For local beer hunters, no other bar touches the array of brews you can bag at Falling Rock. Owners Chris and Steve Black offer a palate-perplexing roster of over 70 draft beers and another 200-plus bottled versions; they eschew mass-market swill in favor of the best in national and craft beers. A year-round Great Global Beer Festival is as close as LoDo.
Mountain Sun Pub and Brewery
The warmth of the Mountain Sun lies in its intoxicating list of in-house beers. Brewer Mike Altman makes a dizzying selection of assertive, cut-no-corners beers, from the hoppy Colorado Kind to a toothy Scotch ale and a glorious, coffee-enhanced porter. As if that weren't enough exceptional brew, the house also serves a guest list of Colorado's best microbrews -- a bold move that other local brewpubs should emulate.
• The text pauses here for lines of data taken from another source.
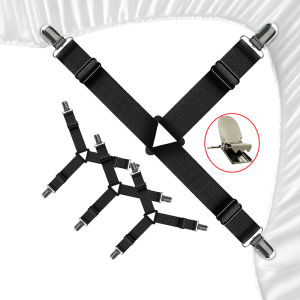 Bộ 4 Dây Kẹp Ga Giường 3 Chấu Inox Cố Định Chắc Chắn Giữ Phẳng Ga Nệm Gọn Gàng Cho Giấc Ngủ Ngon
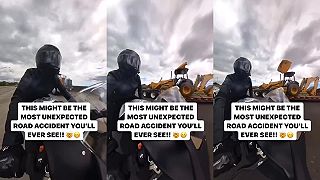 Dostal riadne po hlave a to išiel predpisovo ( Motorkár)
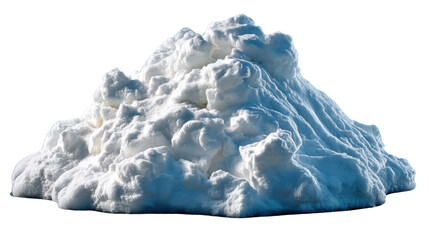 Obraz premium Cloud-like snow mountain: A snow-covered mountain, resembling a cloud, offering a visual experience of winter and mountain adventure. 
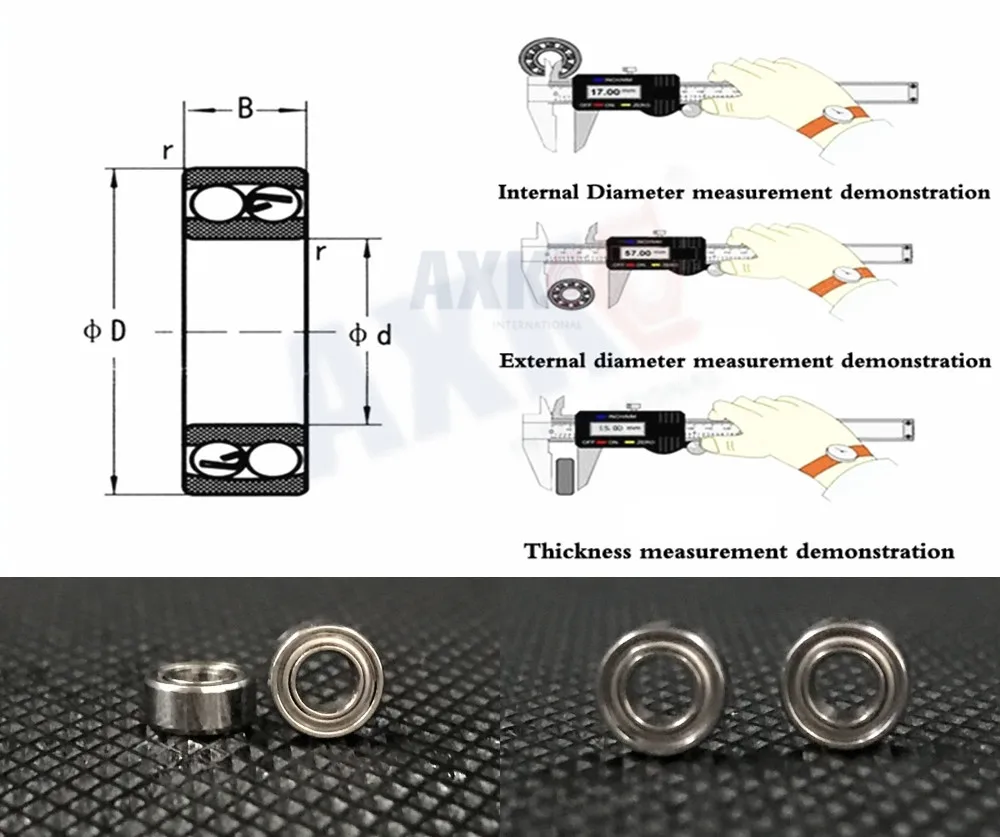 2019 г. Реальные прямые продажи R4zz подшипник Abec-3 (10 шт) 1/4 "x5/8" х 0,196 "дюйм, миниатюрный R4 zz, шариковые подшипники R4z для части модели RC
Don't tell Adam Avery that the thrill-seeking spirit of the craft-beer boom has faded. Adam builds his company's growing sales (and national reputation) on big beers that challenge the most jaded palates. His IPA is a world classic, his stout lives up to its Out of Bounds title, and Hog Heaven barley wine is one of the country's hoppiest beers. That high-octane wonder is now joined by the Reverend and the new Salvation, Belgian-style gonzo ales that overflow with flavor and alcohol. Avery's been very, very good to extreme beer nuts.
Bull & Bush Brewery
Hunter Stevens
This long-lived watering hole combines three of bar culture's better merits -- alcohol, televised sports and a convivial pub vibe -- for a pleasing new hybrid. But it's the in-house beer that elevates the Bull & Bush to all-star status and keeps regulars coming back year after year. Head brewer Gabe Moline crafts a long list of exceptional beers, most of them English-style ales rich with hops, flavor and true-to-style character. Moline's ESB, IPA and strong ales are superb, as are the B&B's brown ale and various breeds of wheat beer. D-town beer nuts can find no better place for filling their growlers than the Bush. Bully!
Wynkoop Brewing Company
Wynkoop Brewing
Wynkoop Brewing Co., Denver's oldest brewpub, sits in a historic building, and for a few years, the menu seemed as ancient as the space. But these days the kitchen is as hopping as what's brewing in those giant tanks, and the food is not only consistently good, it's cutting-edge fare. At no other brewpub would we be brave enough to try ahi tuna with a wasabe-based sauce and coconut sticky rice, or beer-battered rock shrimp with habanero-pineapple tartar sauce. And where else in town would the menu suggest you enjoy a stout with its charbroiled elk medallions in a brandy peppercorn sauce? Even the old standbys -- spicy, lamb-filled shepherd's pie, fish encased in a crackly batter made from the brewpub's own Railyard Ale -- taste better than ever. We toast the good pub grub at this Denver institution.
Casa Bonita
Casa Bonita may not immediately come to mind when you're searching for a dive. You're thinking a dark little hole-in-the-wall, not a giant original eatertainment complex filled with canned Mexican music and canned refried beans. But consider: Foodies certainly think they're slumming when they come here. And as at any more traditional dives, inadvertent entertainment abounds. Besides, at Casa Bonita you'll see actual dives -- executed off those fake cliffs by those built diving boys. For the best seat in the house, grab a palapa by the cliffs. Now order a round of margs and raise a glass to an underappreciated Colorado classic.